Task goal: Write out exactly, with both ends included, the lines that run from the line containing "organic mystery logo" to the end of the entries. Pictures are not part of the answer.

━━ Task inputs

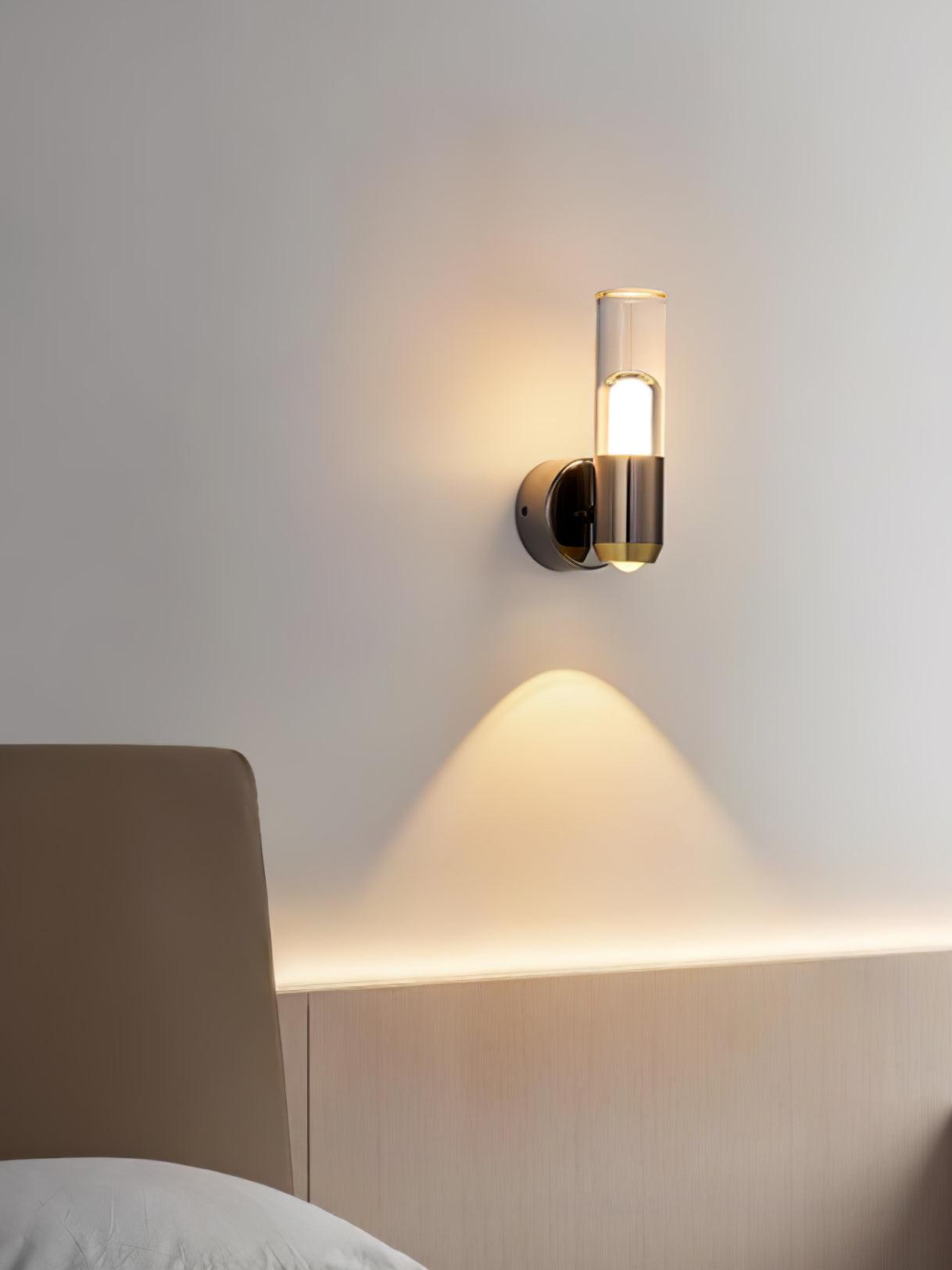 Cylindrical Modern Wall Light - Letslighting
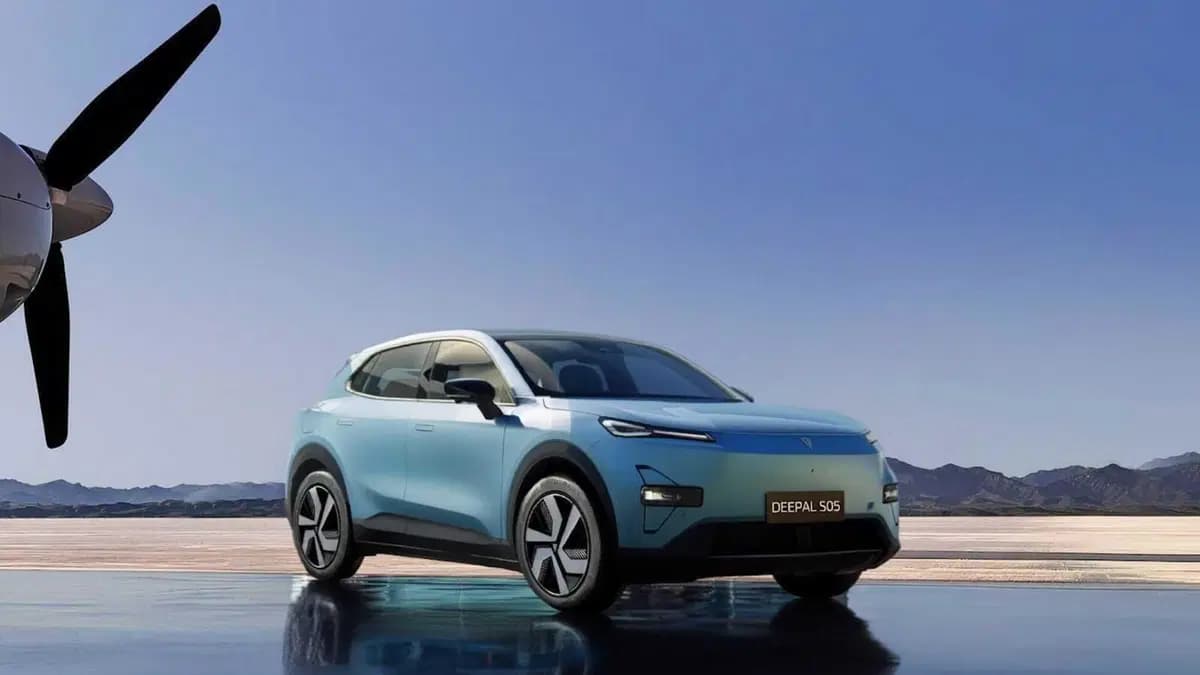 Changan Deepal S05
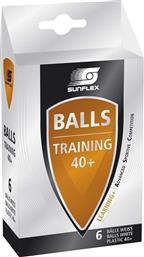 Sunflex Training 97250 Μπαλάκια Ping Pong 6τμχ από το Outletcenter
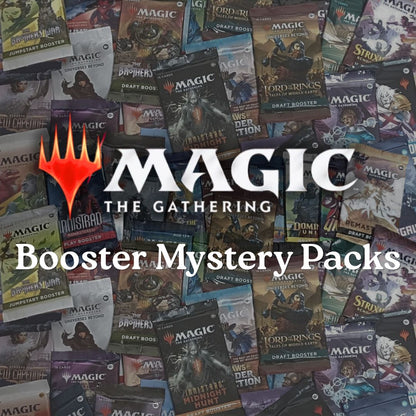 Magic the Gathering Boosters Mystery Packs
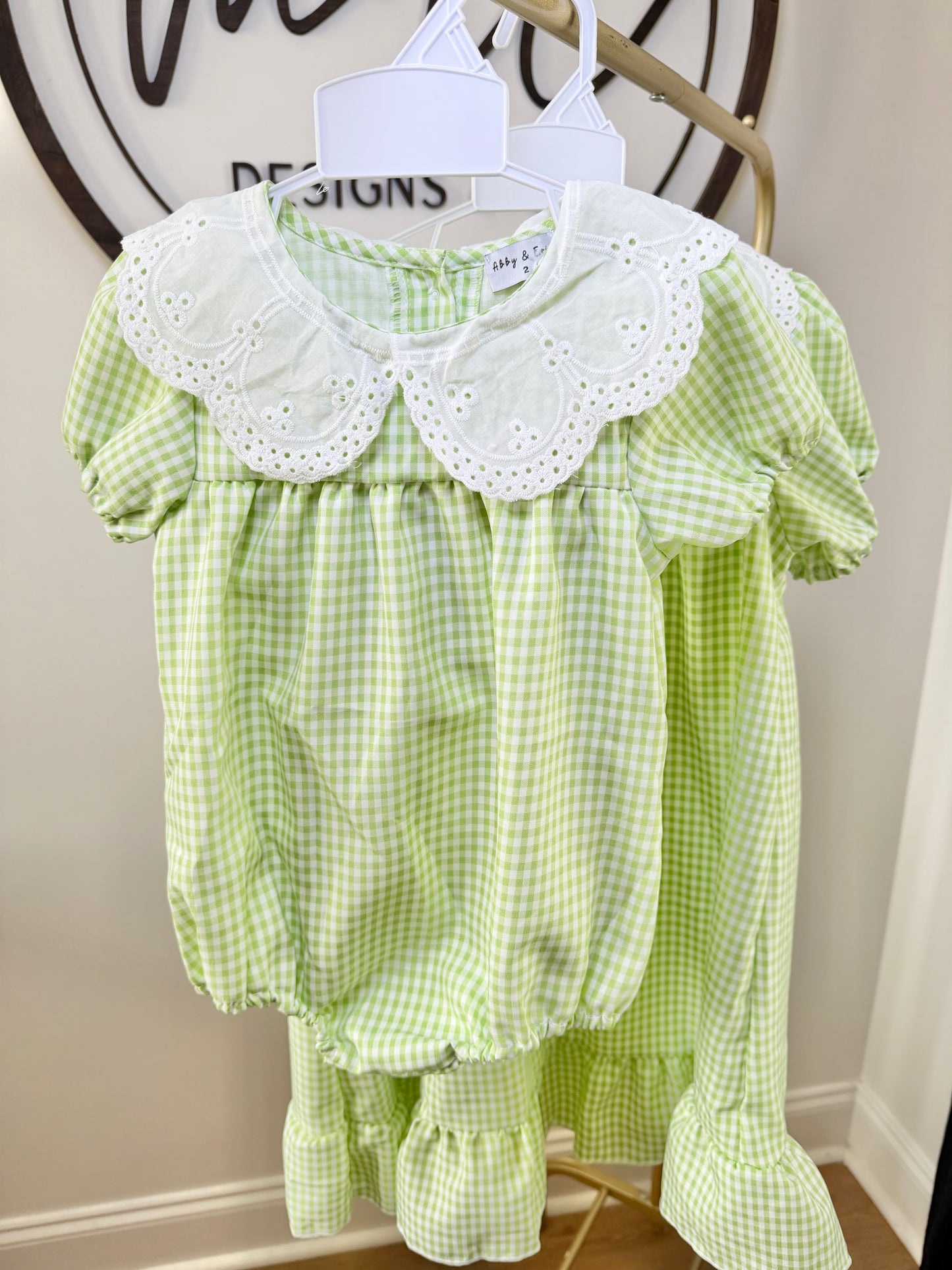 Gingham & Lace Collection (Bubbles & Dresses)
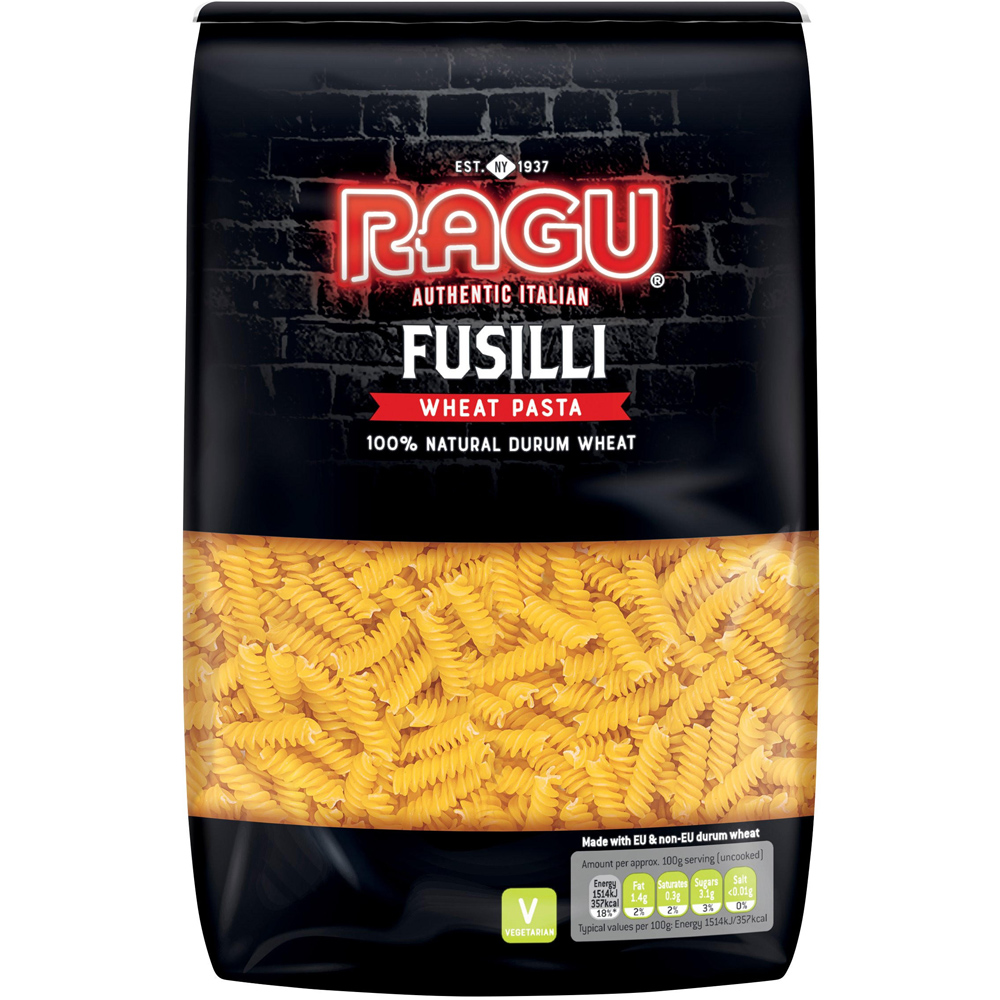 Ragu Fusilli Pasta 750g Image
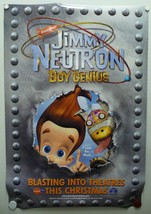 Jimmy Neutron: Boy Genius Bolts 2001 Megan Cavanagh, Jeffrey Garcia-One Sheet - £15.78 GBP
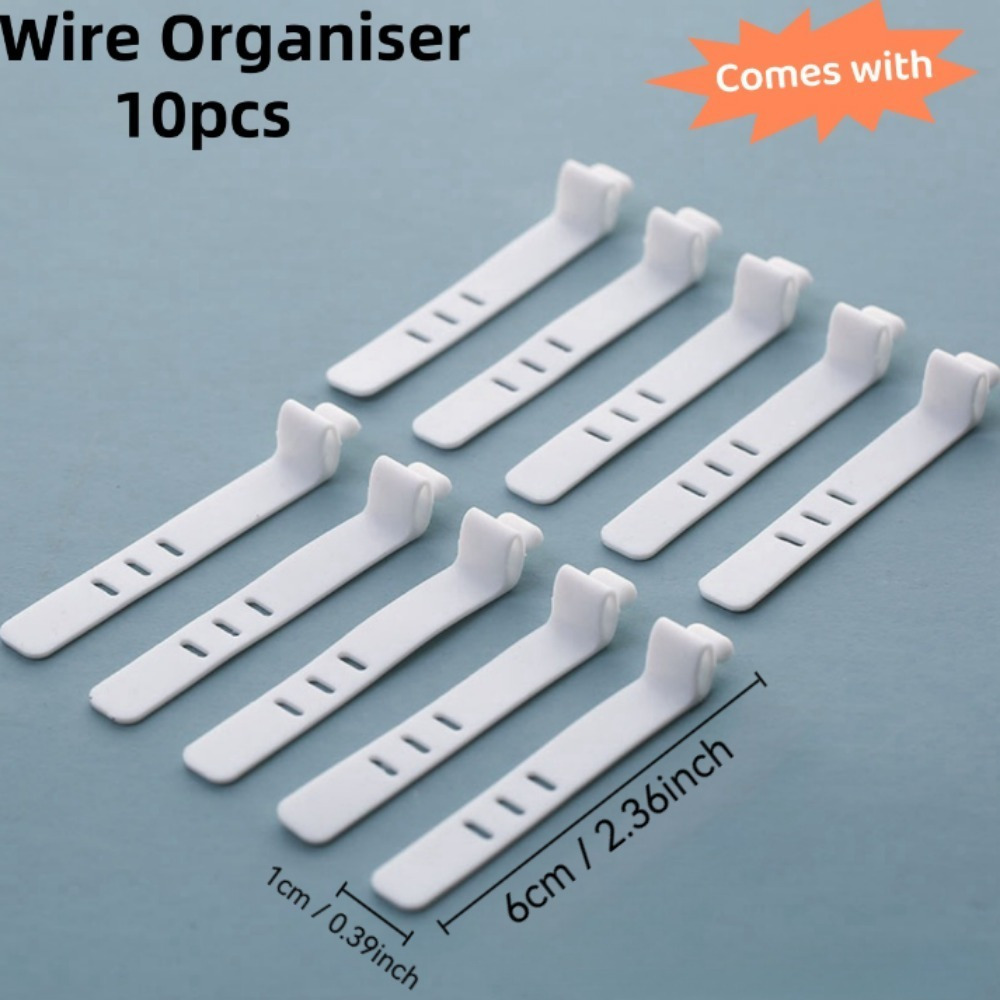 Многофункциональный органайзер – обзор и цена Desk Cable Organizer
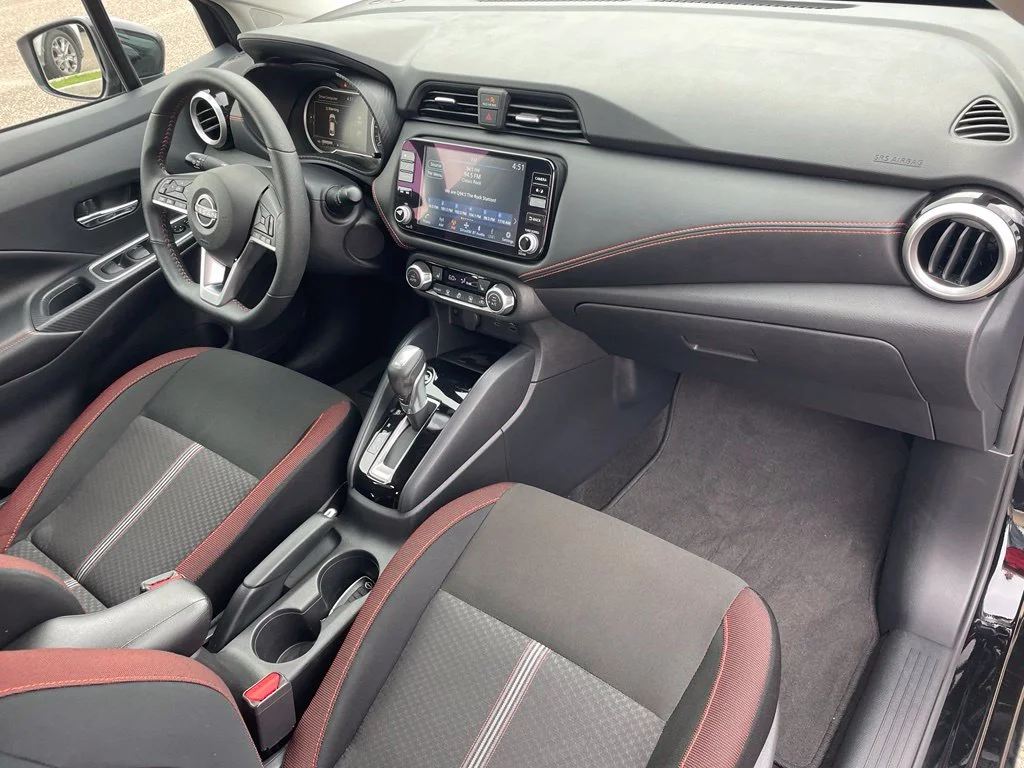 Certified Used 2025 Black Nissan 1.6 SR image 17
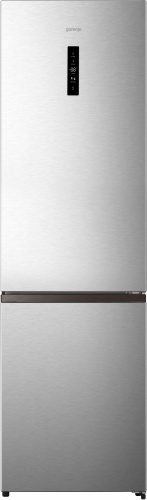 Холодильник Gorenje NRK620FAXL4 серый (двухкамерный)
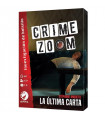 CRIME ZOOM 1 LA ULTIMA CARTA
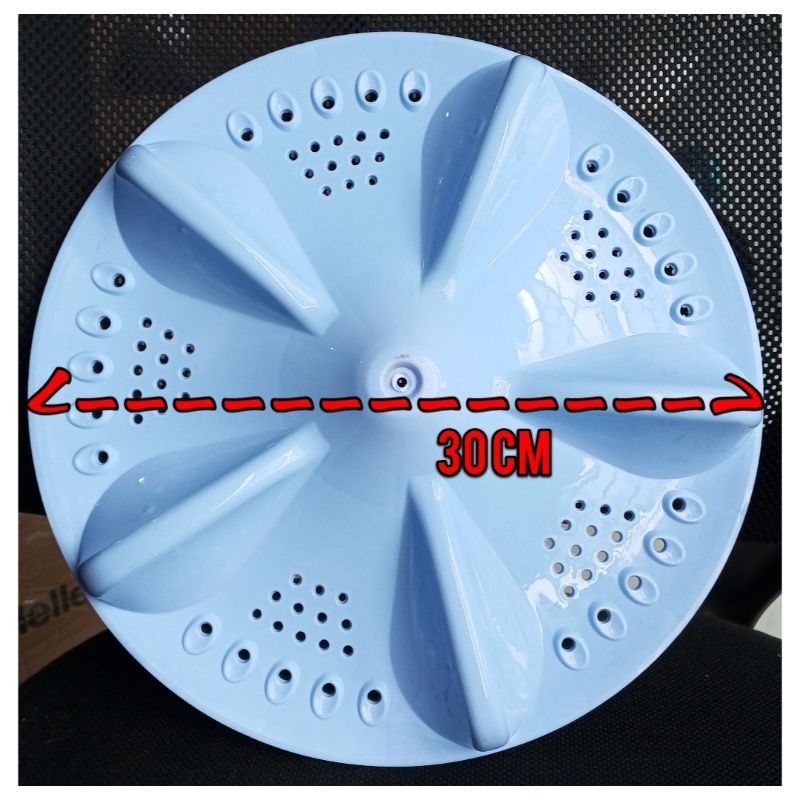 Pulsator mesin cuci Sanken Toshiba Diameter 30 Cm Gigi 11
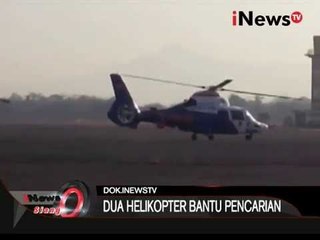 Dua Helikopter Bantu Pencarian Korban Jatuhnya Pesawat Aviastar - iNews Siang 06/10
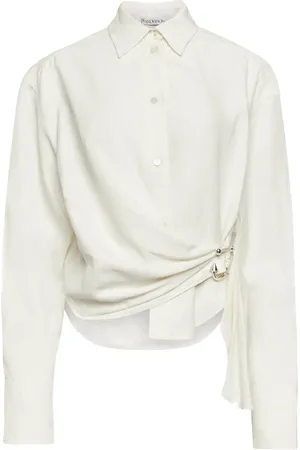J.W.Anderson Camisa drapeada con diseño retorcido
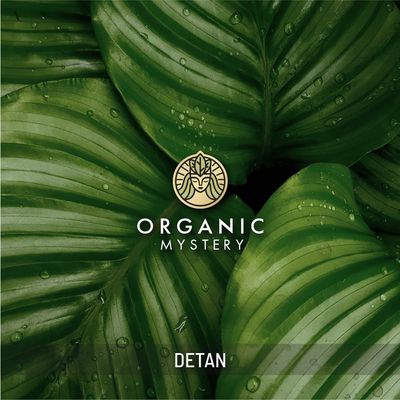 organic mystery logo
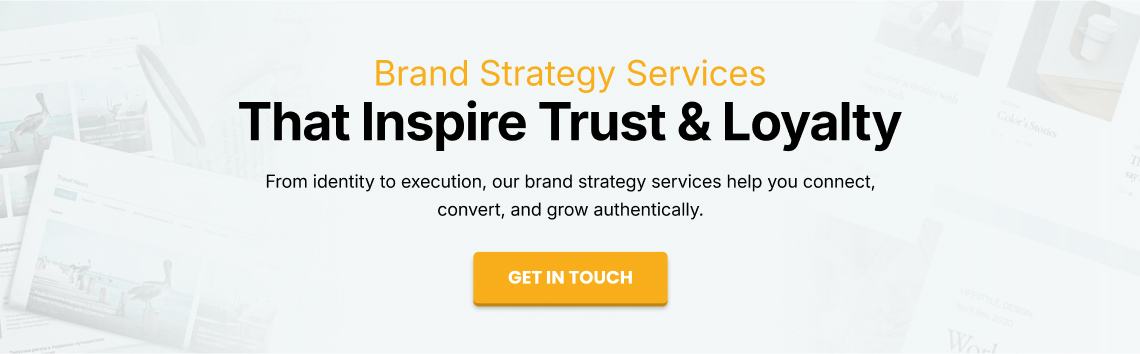 brand strategy services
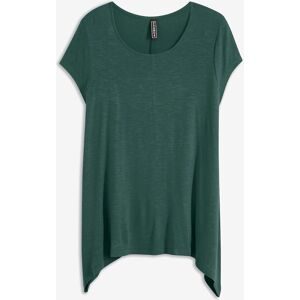 bonprix Shirt aus elastischem Viskose-Mixgrün 44Damen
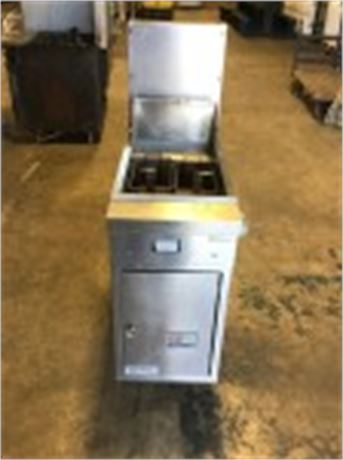 Southbend Gas Two Basket Fryer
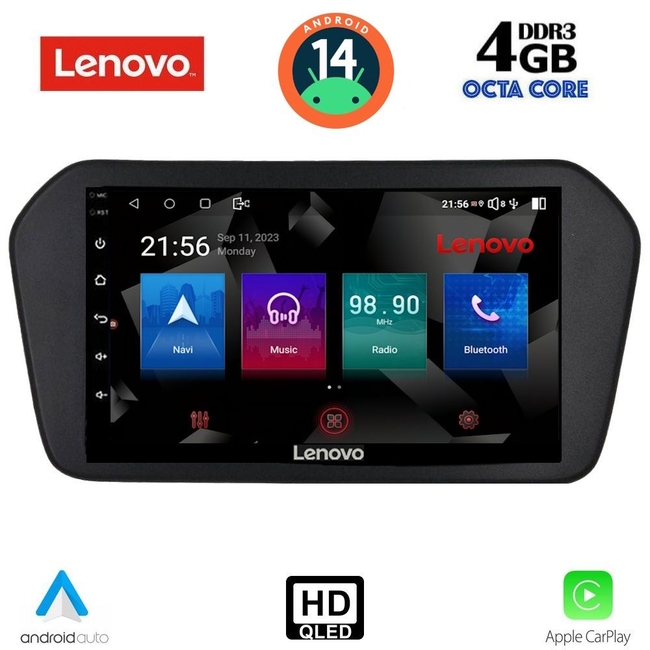 LENOVO SSX 9698_CPA (9inc) MULTIMEDIA TABLET for SUZUKI VITARA mod. 2022&gt;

━━━━

Reply:
 organic mystery logo
 brand strategy services
 bonprix Shirt aus elastischem Viskose-Mixgrün 44Damen
 Southbend Gas Two Basket Fryer
 LENOVO SSX 9698_CPA (9inc) MULTIMEDIA TABLET for SUZUKI VITARA mod. 2022&gt;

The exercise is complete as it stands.